Now as to which type of join to use, I used what I call a left join, and if you want, you can have one result for high confidence levels (conf = country + state + city), another for a conf of 2, and another for a confidence level of 1.

I do not know knime well enough to do this in knime, but here are results from postgreSQL and the basic code:

create table public.conf1 as SELECT
r1.name as mname,
r1.conf as conf1, r1.country as co1, r1.state as st1, r1.city as ci1,
r2.conf, r2.country, r2.state, r2.city, r2.inc
FROM pop r1
LEFT JOIN geog2 r2
ON r1.conf || r1.country || r1.state || r1.city
= r2.conf || r2.country || r2.state || r2.city
–where r1.conf = ‘3’)
order by r1.conf desc

Here is a result, for conf level = 3, exported from postgreSQL into excel. For clarity, I have included the duplicative fields from the left and the right tables, although a briefer, more-to-the-point report would leave out these fields.

conf1.xlsx (13.2 KB)

More culling could be done, so that only one only gets the highest confidence levels. But this really depends on what the end user wants.

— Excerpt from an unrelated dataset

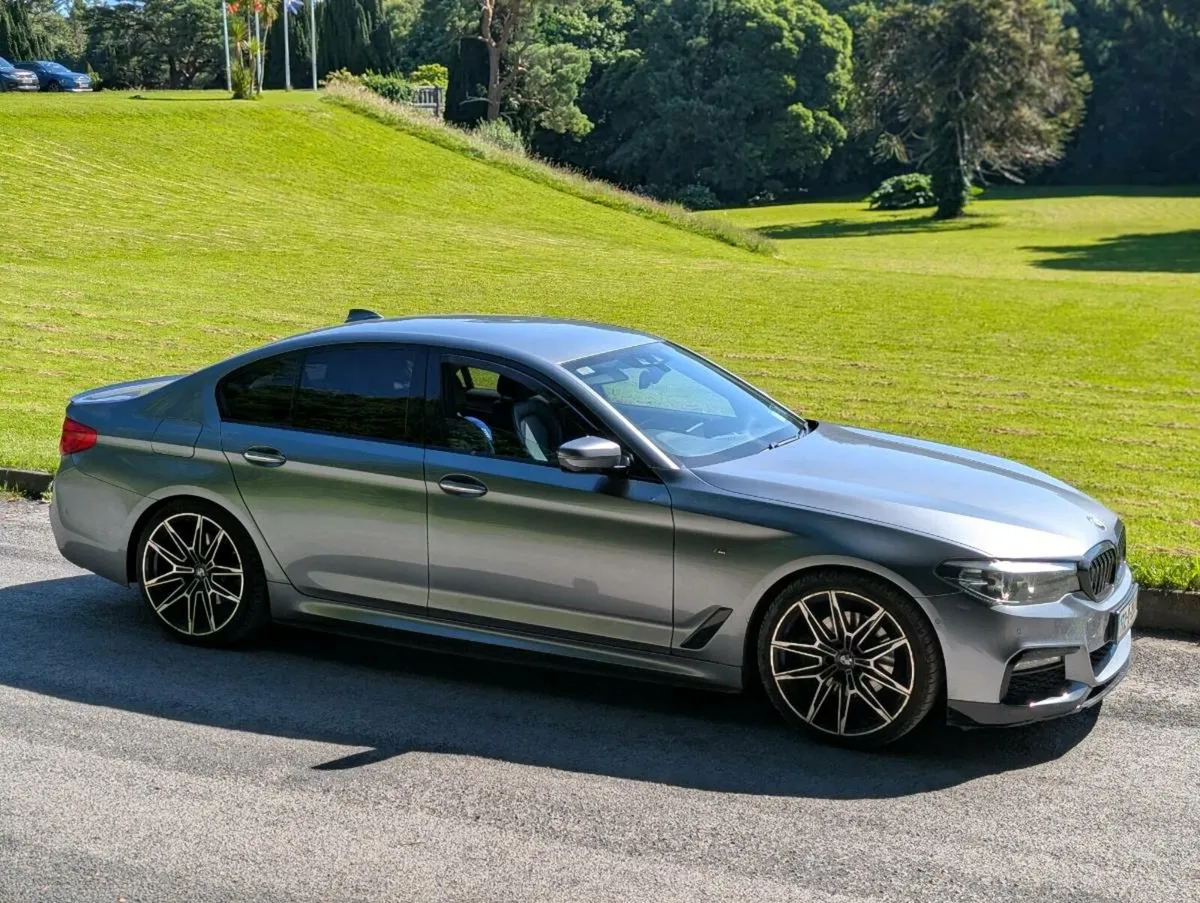 * 2017 BMW G30 520D MSPORT * - Image 2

A more complete starting point would be for the end user to not only provide the 2 initial tables, as they have done, but to also provide a hypothetical table that exactly what the hoped for table(s) would look like?

Perhaps someone else will show how to do the above postgreSQL in knime?

Thank you,
Steve Elster

pop.xlsx (9.9 KB)

geog.xlsx (12.8 KB)

1 Like

Hi,
i think that the best solution is to create a unique ID by concatenating all the variables; where null, you can replace them with a placeholder, like “N/A”.

Missing join.knwf (702.9 KB)

Luca

2 Likes

This topic was automatically closed 182 days after the last reply. New replies are no longer allowed.